Systematic failures
The French police official detailed multiple lapses they believe were systematic.
Large crowds of protestors needed to be managed far earlier in the process by police, who instead controlled a scene at the first demonstration Trump addressed then ignored the crowd as it streamed towards the Capitol.
"It should have been surrounded, managed and directed immediately and that pressure never released." Because the crowd was not managed and directed, the official said the protestors were able to congregate unimpeded around the Capitol itself, where the next major failure took place. "It is unthinkable there was not a strong police cordon on the outskirts of the complex. Fences and barricades are useless without strong police enforcement. This is when you start making arrests, targeting key people that appear violent, anyone who attacks an officer, anyone who breaches the barricade. You have to show that crossing the line will fail and end in arrest."
"I cannot believe the failure to establish a proper cordon was a mistake.
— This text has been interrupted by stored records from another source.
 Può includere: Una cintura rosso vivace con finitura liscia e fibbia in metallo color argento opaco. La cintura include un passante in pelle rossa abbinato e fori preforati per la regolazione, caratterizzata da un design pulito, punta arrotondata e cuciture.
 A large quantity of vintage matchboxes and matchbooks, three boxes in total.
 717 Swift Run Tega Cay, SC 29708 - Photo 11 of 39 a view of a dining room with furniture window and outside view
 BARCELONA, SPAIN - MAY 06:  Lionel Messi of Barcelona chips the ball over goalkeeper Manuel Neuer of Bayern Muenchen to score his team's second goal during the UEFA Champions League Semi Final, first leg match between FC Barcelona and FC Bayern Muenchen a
These are very skilled police officials but they are Federal and that means they ultimately report to the president. This needs to be investigated."
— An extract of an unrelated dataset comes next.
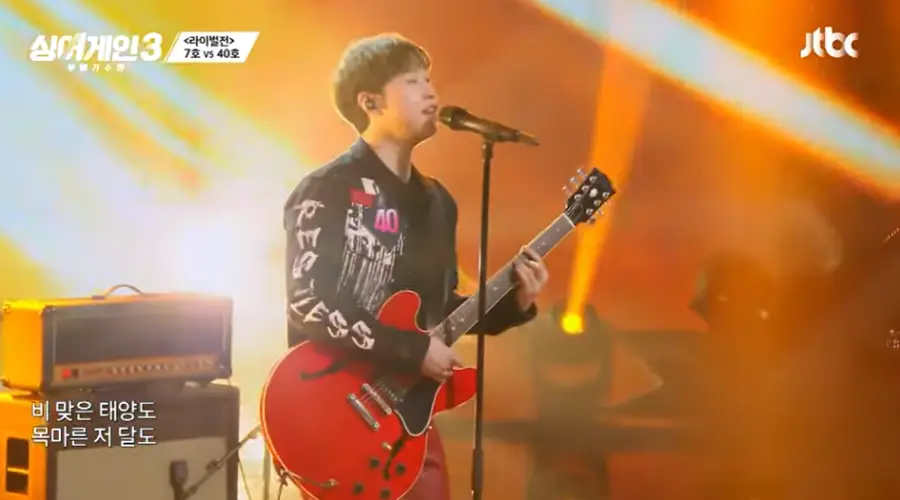 싱어게인3-
황금색 배경 검정색 셔츠에 빨간색 기타를 들고 스탠딩마이크에 대고 노래하는 우측 모습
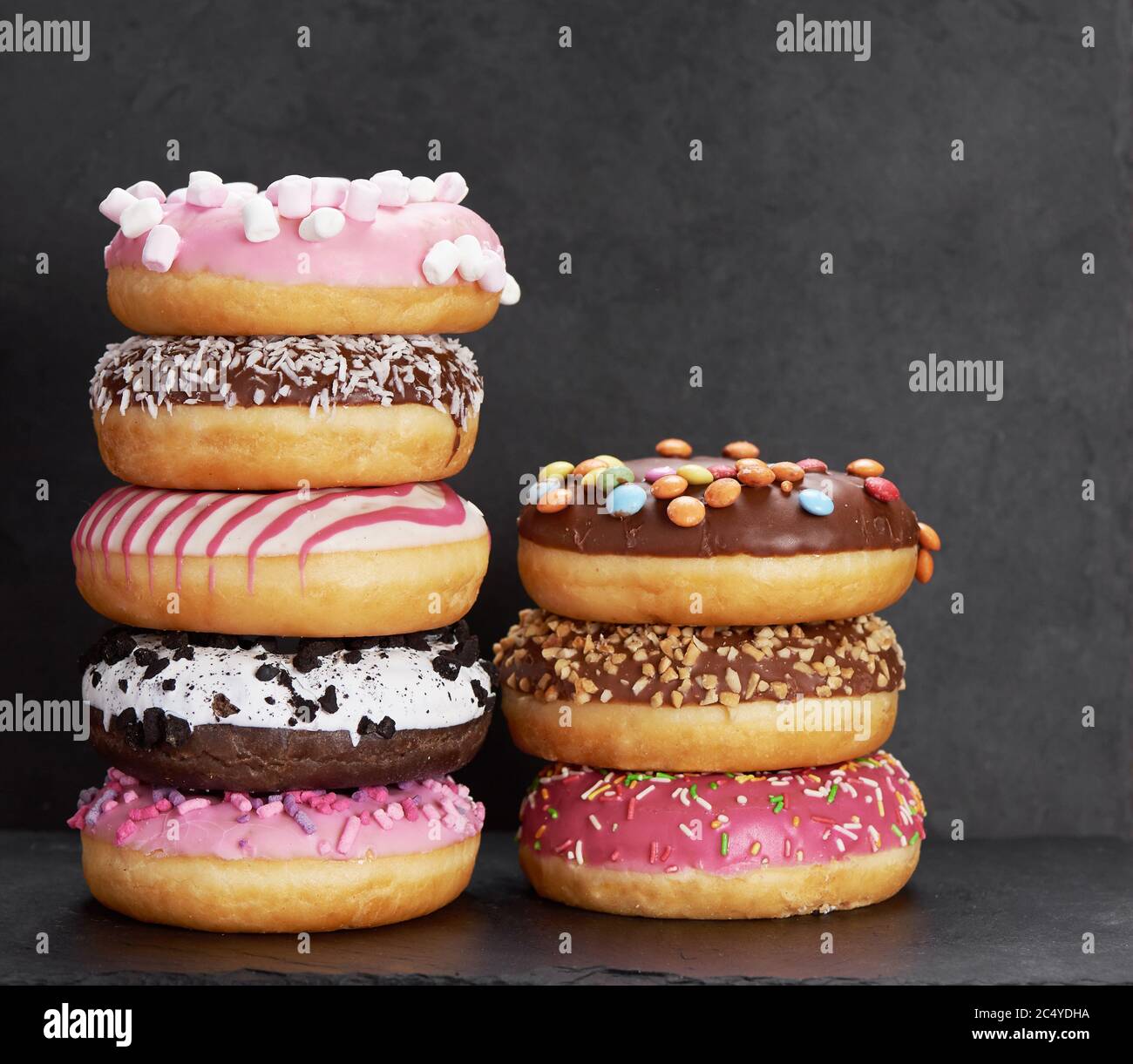 Stack of colorful donuts on a stone background Stock Photo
"When the crowd reached the steps of the building the situation was over. The police are there to protect the building from terrorist attacks, and crime, not a battalion of infantry. That had to be managed from hundreds of meters away unless the police were willing to completely open fire and I can respect why they were not."
'Thank god it didn't work because I can't imagine how hard it would be to sanction the US financial system'
The third official, who works in counter-intelligence for a NATO member, agreed that the situation could only be seen as a coup attempt, no matter how poorly considered and likely to fail, and that its implications might be too huge to immediately fathom.
"Thank god it didn't work because I can't imagine how hard it would be to sanction the US financial system," said the official. By sanctions, he means the imposition of the usual diplomatic, military, and trade blockages that democratic nations usually reserve for dictatorships.
"The broader damage around the world will be extensive in terms of reputation and that's why Putin doesn't mind at all that Trump lost. He's got to be happy to take his chips and count his winnings, which from the Trump-era will be a shockingly quick decline in American prestige and moral high ground."
"Every moment the Americans spend on their own self-inflicted chaos helps China, it helps Putin and to a lesser extent it helps the mini-dictators like [Turkish President Tayyip] Erdogan and [Hungarian Prime Minister Viktor] Orban, who breathe cynicism about politics, human rights and democracy as their air," said the official. "They won't miss Trump, they'll be glad to see his drama leave so they can enjoy the poisoned political climate."